Türkische Opposition lobt Baerbock für klare Worte
30. Juli 2022Am zweiten Tag ihres Türkei-Besuchs hat die Bundesaußenministerin in Ankara den Austausch mit Opposition und Zivilgesellschaft gesucht. In der Hauptstadt kam Annalena Baerbock mit führenden Politikern der größten Oppositionspartei CHP, der pro-kurdischen HDP und der nationalkonservativen Iyi-Partei zusammen. Begegnungen mit Vertretern der türkischen Regierung gab es in Ankara keine.
Es geht um das Miteinander von Menschen
Bei ihren Treffen in Ankara sagte Baerbock mit Blick auf die Streitfragen, die deutsch-türkischen Beziehungen seien "so viel mehr als die Baustellen". Ihr gehe es um Beziehungen, "die auf ein Miteinander von Menschen aufbauen". Deswegen sei es ihr wichtig, Menschen vor Ort zu treffen. Um ihre Haltung zu unterstreichen, suche sie gezielt den Austausch mit der Zivilgesellschaft. Das sei "das Herz unseres Miteinanders".

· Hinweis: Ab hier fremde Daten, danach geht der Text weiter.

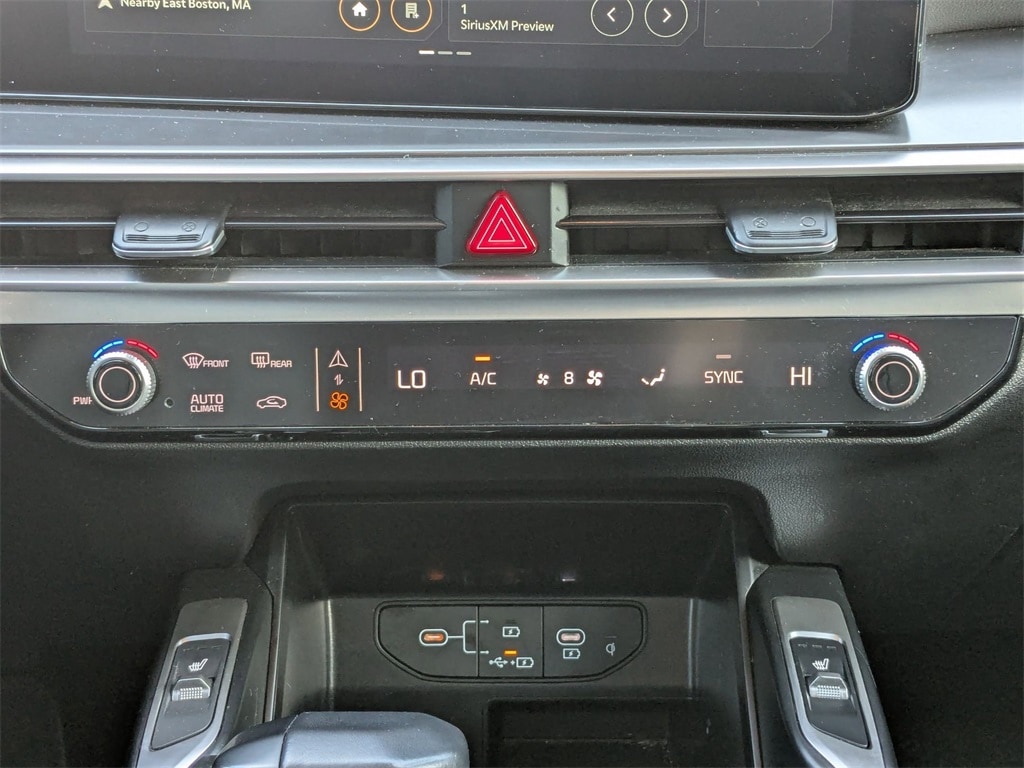 Thumbnail: 2024 Kia Sorento - 26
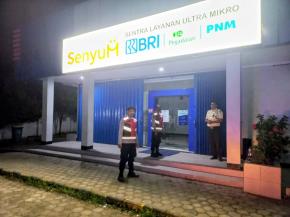 Anggota Polsek Batujaya Sambangi Scurity Bank BRI Unit Batujaya di Malam Hari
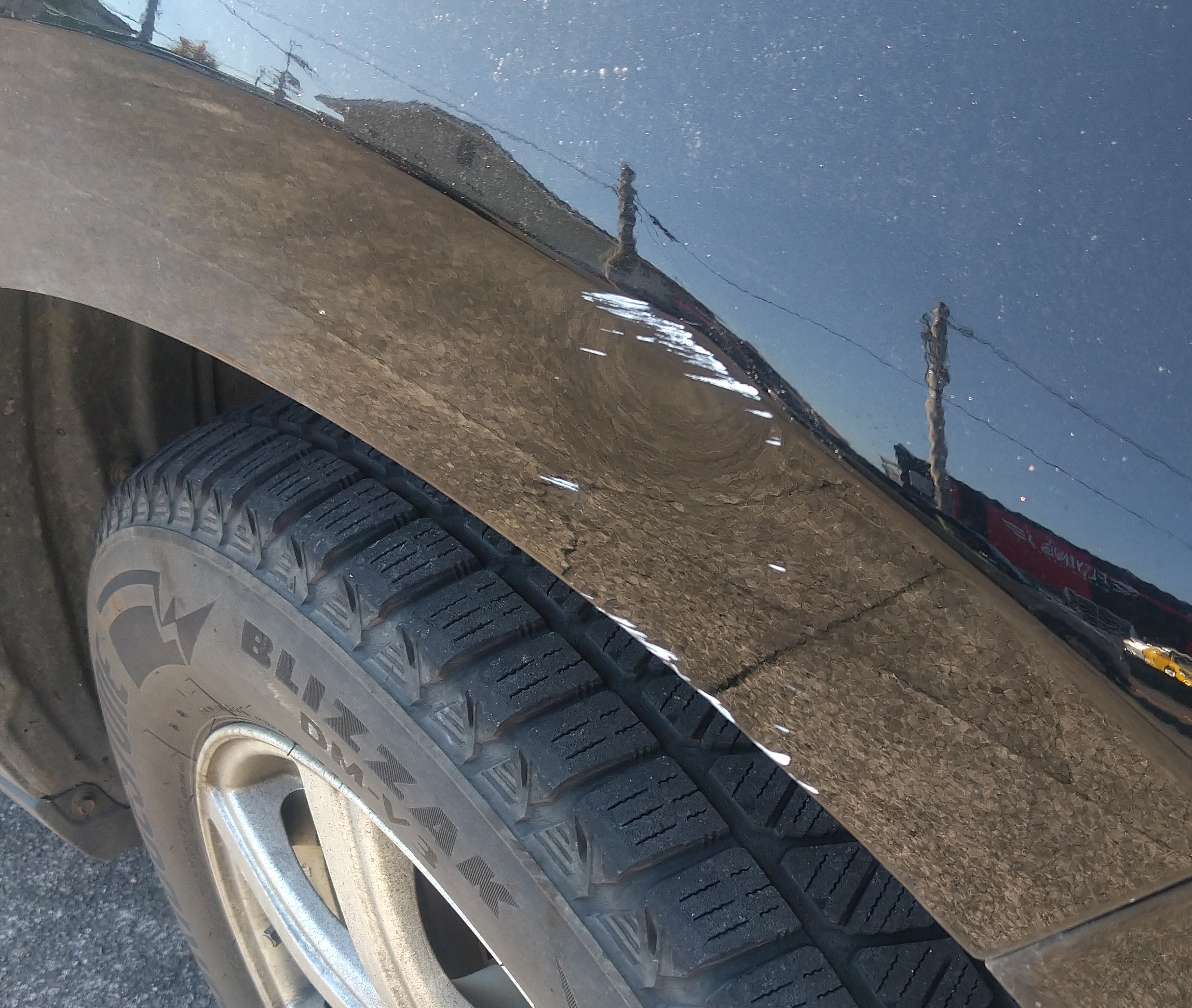 トヨタ ハリアー 左フロントフェンダーの修理事例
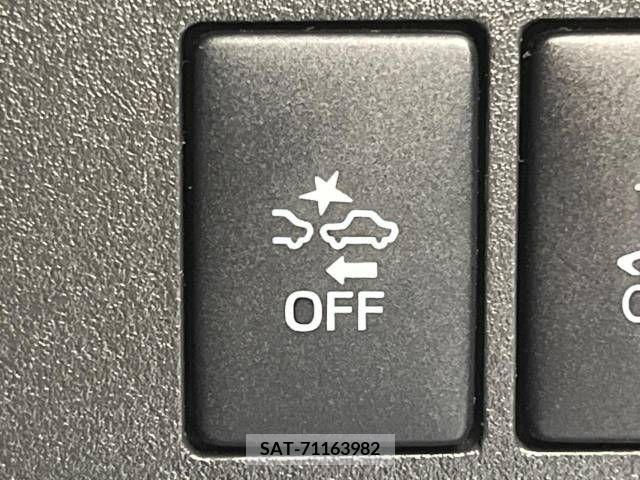 Daihatsu WAKE 2014-11 234558-3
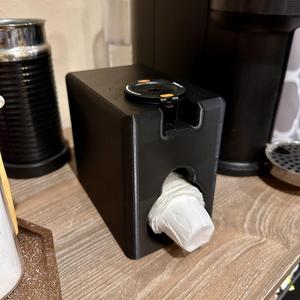 Reusable K-Cup & Filter Holder with Magnetic Lid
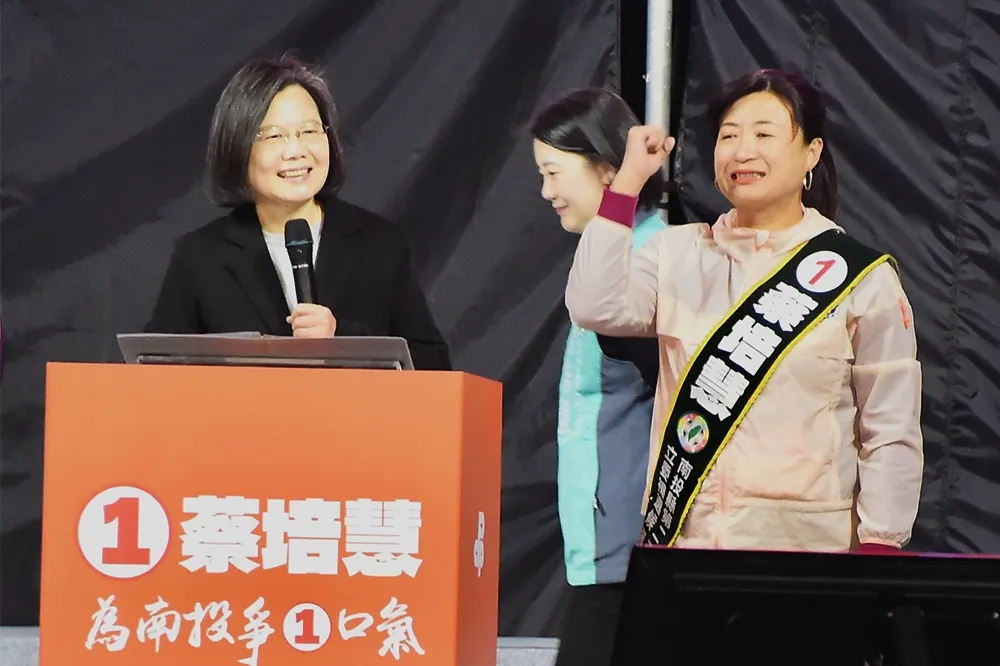 「票投民進黨，孩子上戰場」布條滿街　蔡英文批國民黨刻意誤導民眾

Der Ko-Vorsitzende der HDP, Mithat Sancar, dankte Baerbock für ihre offene Kritik an der türkischen Regierung. "Wir begrüßen das", sagte Sancar. Baerbock sei der "notwendigen Konfrontation" nicht ausgewichen. "Direkte Aussagen und Konfrontation sind manchmal unausweichlich, nicht nur erforderlich", sagte Sancar. Außenminister Mevlüt Cavusoglu spreche bei solchen Treffen immer eine sehr klare Sprache. Dies sei nun das erste Mal, dass sich ein deutsches Regierungsmitglied auch so klar verhalten habe. "Das war in Ordnung", sagte Sancar.
Frauenrechte sind "Gradmesser für demokratischen Zustand einer Gesellschaft"
Nach den politischen Gesprächen besuchte die Grünen-Politikerin eine Beratungsstelle für Frauen, die Opfer häuslicher Gewalt geworden sind. Auch ein Zentrum für Flüchtlinge aus Syrien und dem Irak stand auf ihrem Programm. Beim Besuch des Beratungszentrums der Stiftung für Frauensolidarität betonte Baerbock, Frauenrechte seien weltweit "ein Gradmesser für den demokratischen Zustand einer Gesellschaft".
In Ankara hatte Baerbock zunächst das Mausoleum für Staatsgründer Mustafa Kemal Atatürk besucht. Sie legte dort einen Kranz nieder. Das ist obligatorisch bei einem Antrittsbesuch.
Zu ihrer Auseinandersetzung mit Cavusoglu in Istanbul äußerte sich Baerbock am Samstag nicht. Die Pressekonferenz der beiden Politiker war am Freitag zur offenen Konfrontation über die erwartete türkische Offensive in Nordsyrien, die Inhaftierung des Oppositionellen Osman Kavala in der Türkei und vor allem über den Insel-Streit zwischen Griechenland und der Türkei geworden.
Die Türkei steht wegen der Aushöhlung von Menschen- und demokratischen Grundrechten regelmäßig in der Kritik. In türkischen Gefängnissen sitzen hunderte Regierungskritiker ein. Aktivisten und internationale Organisationen werfen Erdogan regelmäßig vor, die Justiz als politisches Werkzeug zu gebrauchen, insbesondere seit nach dem gescheiterten Putsch von 2016 tausende Richter abgesetzt wurden.